Réécrire notre histoire, c’est aussi reconnaitre et accepter cette responsabilité collective et trans-générationnelle pour bouter à jamais les mauvais démons de notre inconscient.

De l’impératif d’un changement de paradigme

L’entreprise de réécriture de notre propre histoire et de réappropriation de nos signes et symboles, aussi nécessaire soit-elle, est d’autant plus délicate qu’elle risque de faire chavirer la jeune génération dans des ravins glissants si elle n’est traitée que superficiellement. En effet, une certaine perception de l’histoire risque d’alimenter une victimisation à outrance qui conduirait à un complexe vis-à-vis des autres, à une fuite de responsabilités et à une oisiveté intellectuelle.

Certes, une version débarrassée des emprises occidentales et orientales est une nécessité dans ce contexte de globalisation.

Toutefois, il est impératif d’aborder sous un prisme nouveau ces réalités historiques afin d’en faire un mât qui porte les voiles de l’Afrique au milieu des océans et non une ancre qui nous maintient inerte au quai du doute, du complexe et de l’autoflagellation

En effet, l’attitude que nous avons vis-à-vis de notre propre histoire influe considérablement notre relation avec nous-même et avec le reste du monde.

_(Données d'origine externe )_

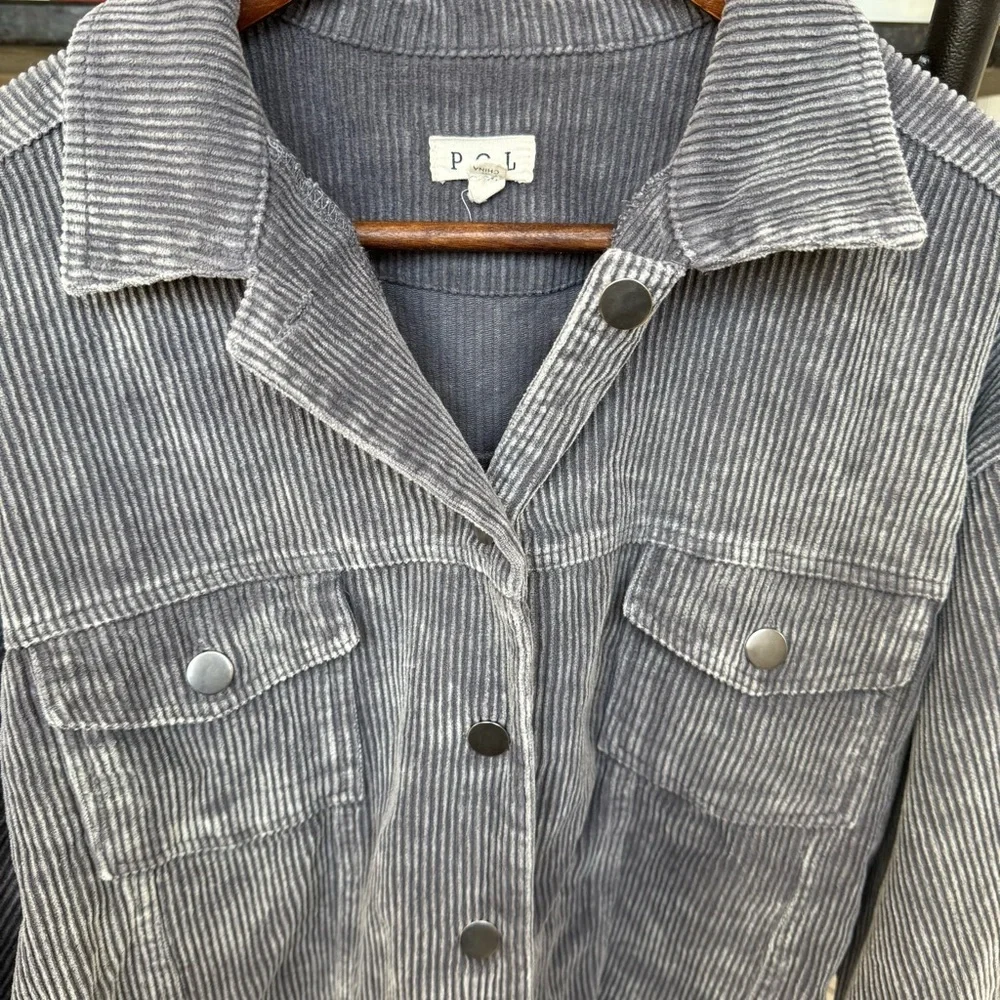 POL Gray Corduroy Distressed Button Down Cotton  Jacket Top Size Large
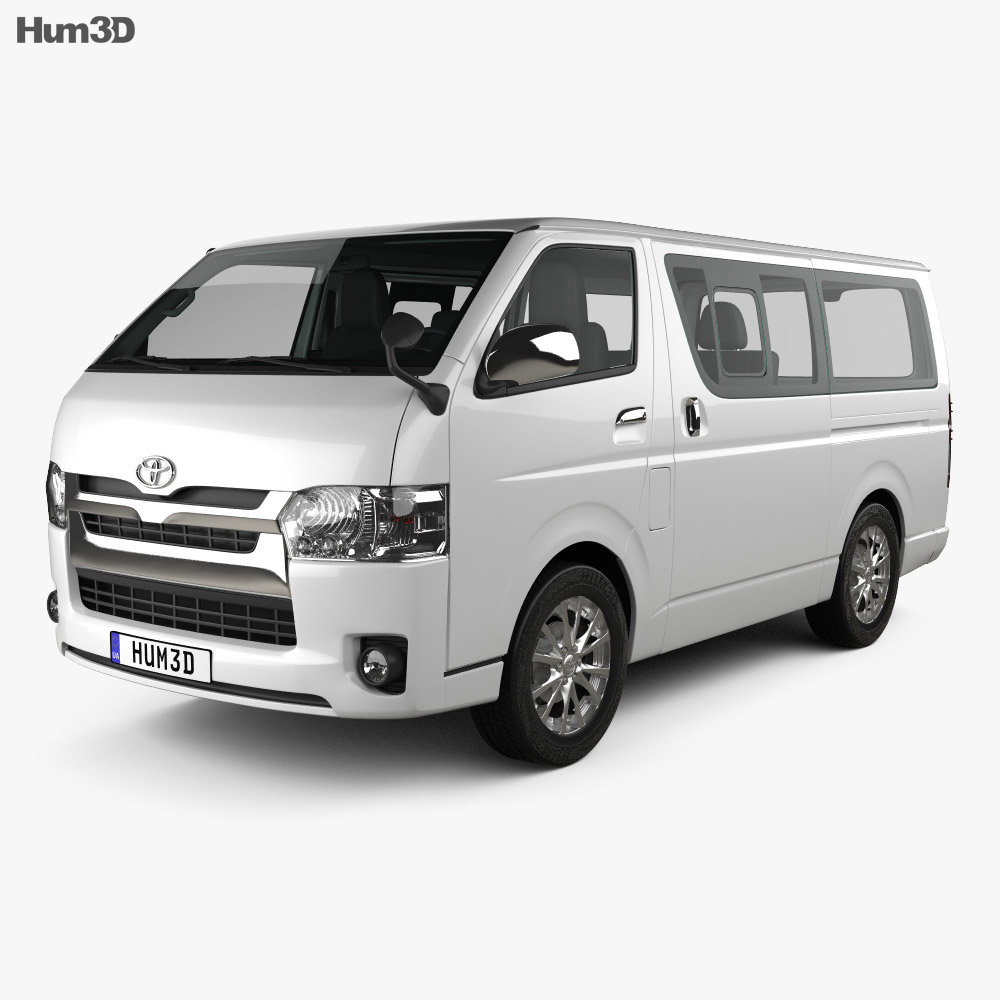 Toyota Hiace LWB Combi HQインテリアと 2014 3Dモデル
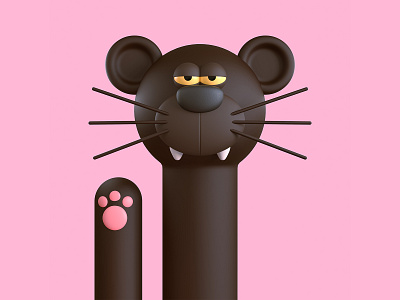 Hi! 3d 3d character andras csuka animal animal character avatar black panther cartoon cat character cinema4d cute character digital art hi! illustration kids profile picture wild cat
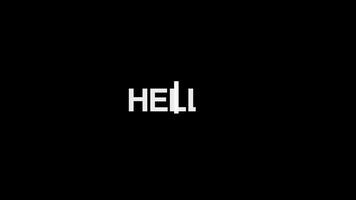 Animation of creative hello word written in white and red background. video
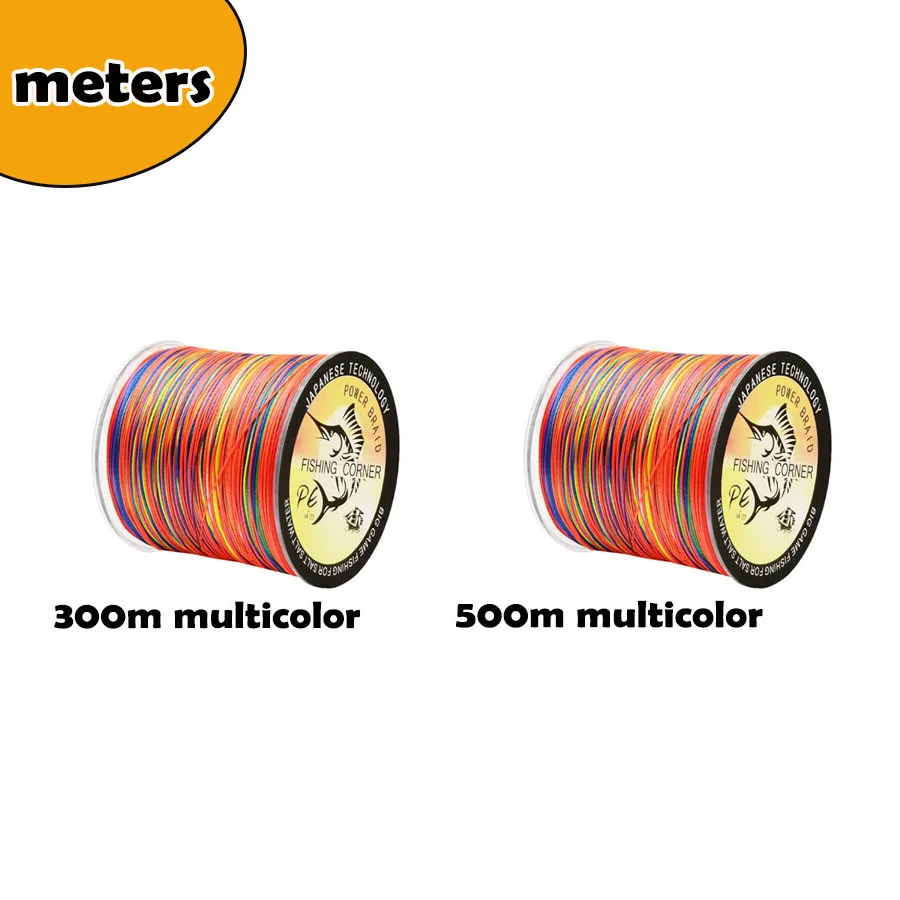 9 Strands PE Braid 300M 500M Braided Fishing Line Multicolor Super Power Japan Multifilament Saltwater/Freshwater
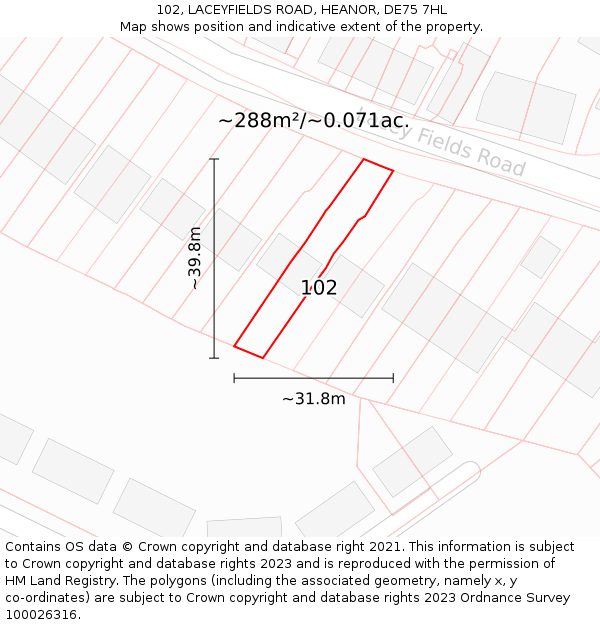 102, LACEYFIELDS ROAD, HEANOR, DE75 7HL: Plot and title map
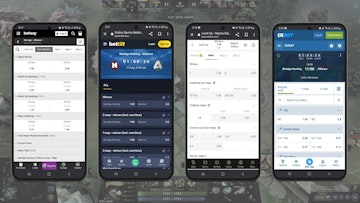 Image with screenshots of various Dota 2 betting sites
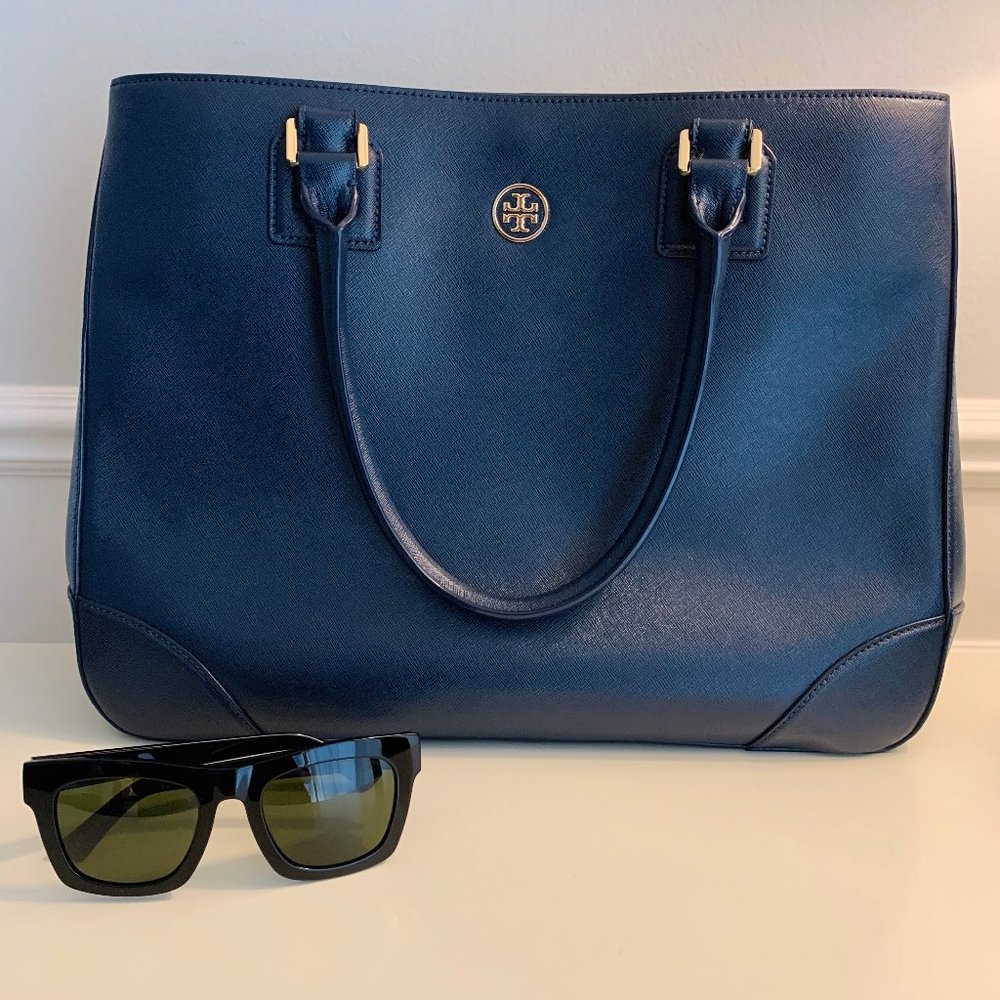 Navy Tory Burch Robinson East/West Tote Handbag
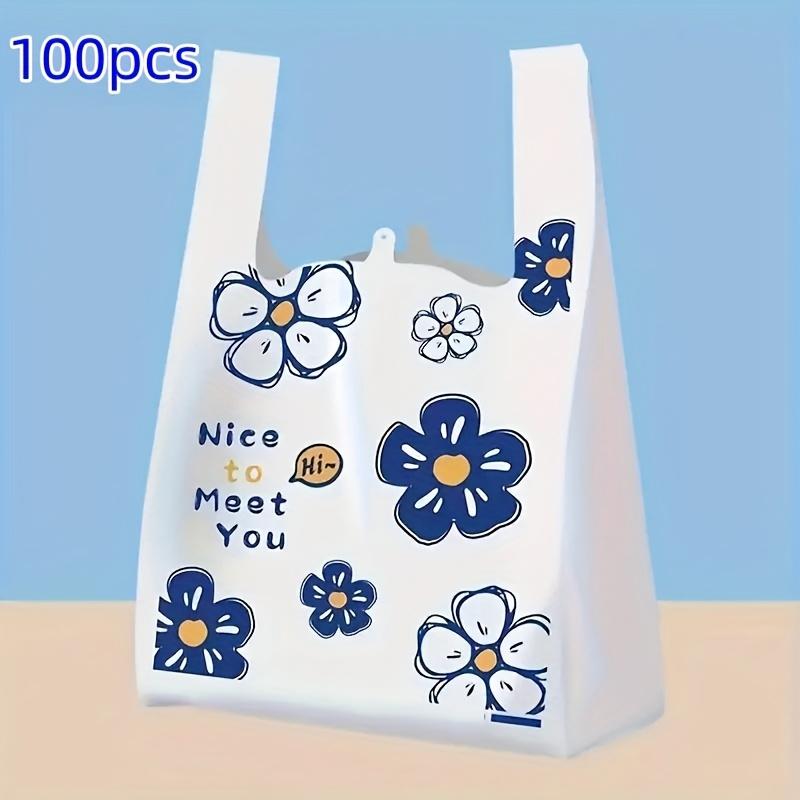 

100 шт. Прочная пластиковая сумка-тоут, толстая и прочная хозяйственная сумка, подходит для покупок, подарков и хранения Other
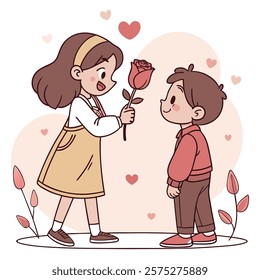 Valentine day girl and boy have a rose in hand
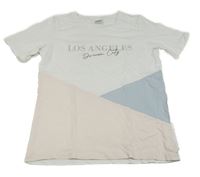 Bílo-světlerůžovo-světlemodré tričko s nápisem C&A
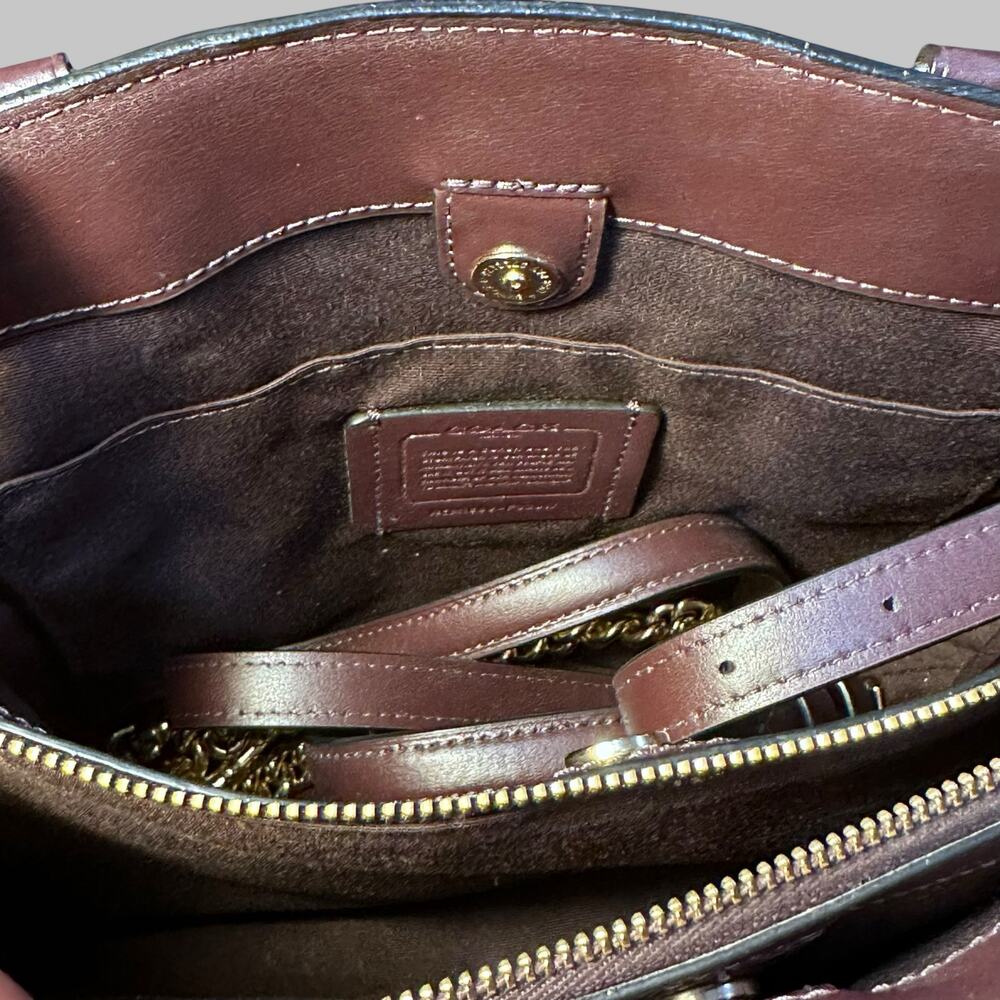 Coach Saffiano Leather Satchel Crossbody Bag - Dark Brown - Picture 6 of 7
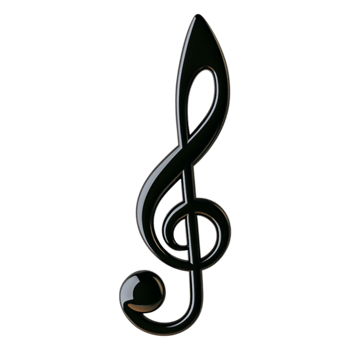 Elegant Black Treble Clef on Transparent Background Design png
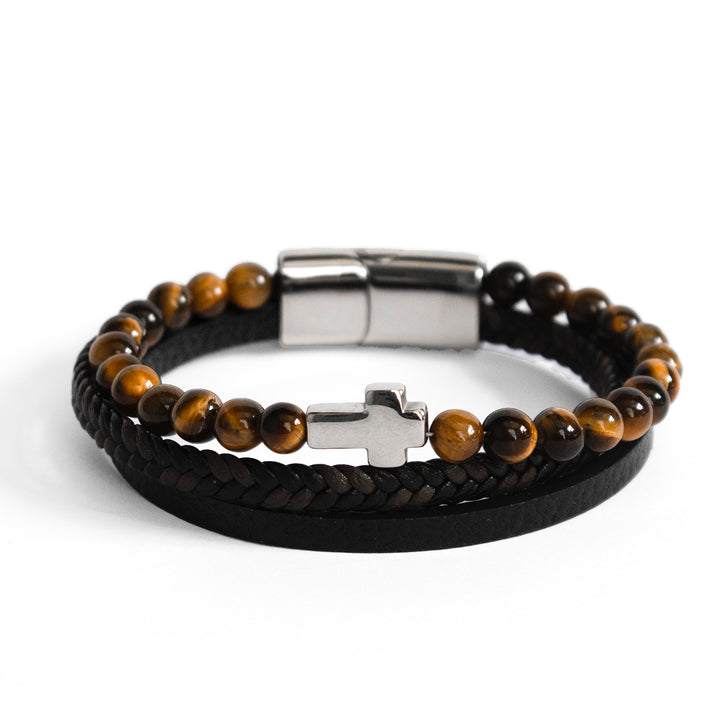 Pulseira Tiger's Eye Cross Pulseira de Couro LUHEM Acessórios Masculinos   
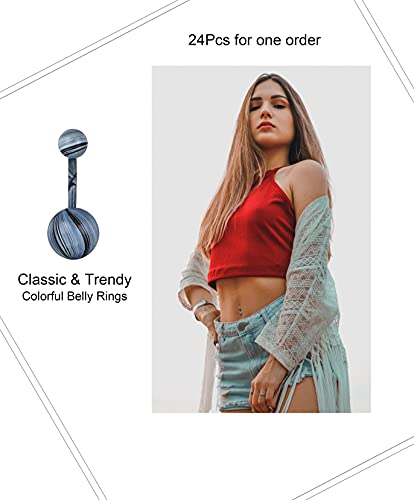 24-50Pcs 14G Stainless Steel Belly Button Rings for Women CZ Screw Navel Bars Body Piercing Jewelry4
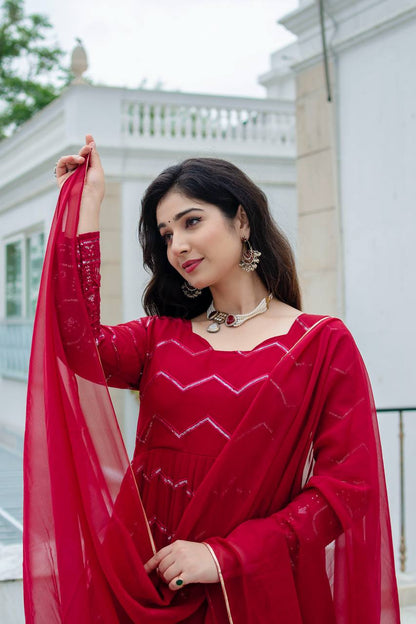 Luxuriant Maroon Color Faux Georgette Fabric With All Over Embroidery Work Anarkali Suit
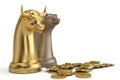 Bear and bull chess piece and gold coins on white background.3D Royalty Free Stock Photo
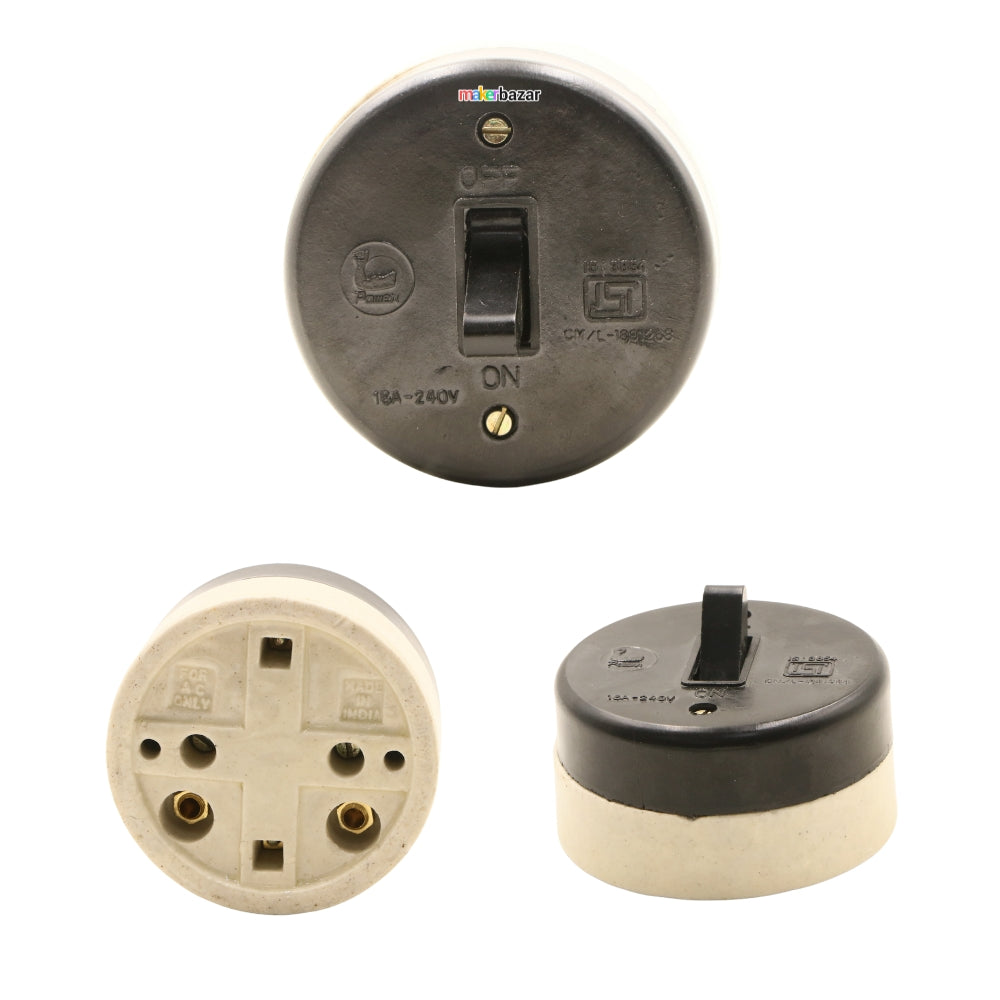 Classic Retro Bakelite Electrical Switch with Porcelain Base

Une certaine victimisation asservit et aliène davantage la victime. Du moment où nous estimons que notre problème vient uniquement de quelqu’un, nous supposons inconsciemment que la solution ne peut émaner que de lui. Au fond, nous adoptons une posture victimaire parce qu’on nous a appris très tôt que nous sommes pauvres à cause de l’esclavage, de la colonisation et de leurs dérivés.

Par extrapolation de l’esprit, puisque notre pauvreté n’est pas de notre faute, notre développement ne relèverait pas non plus de notre propre mérite.

Nous surestimons les effets de l’autre sur notre propre destin. Or, comme disait Khalil Gibran, «si c’est un despote que vous voulez détrôner, veillez d’abord à ce que son trône érigé en vous soit détruit ». Extirper de nous-mêmes le trône psychologique que nous avons depuis longtemps érigé pour l’occidental passera inexorablement par une meilleure prise de conscience des faits historiques et un changement irréversible de paradigme.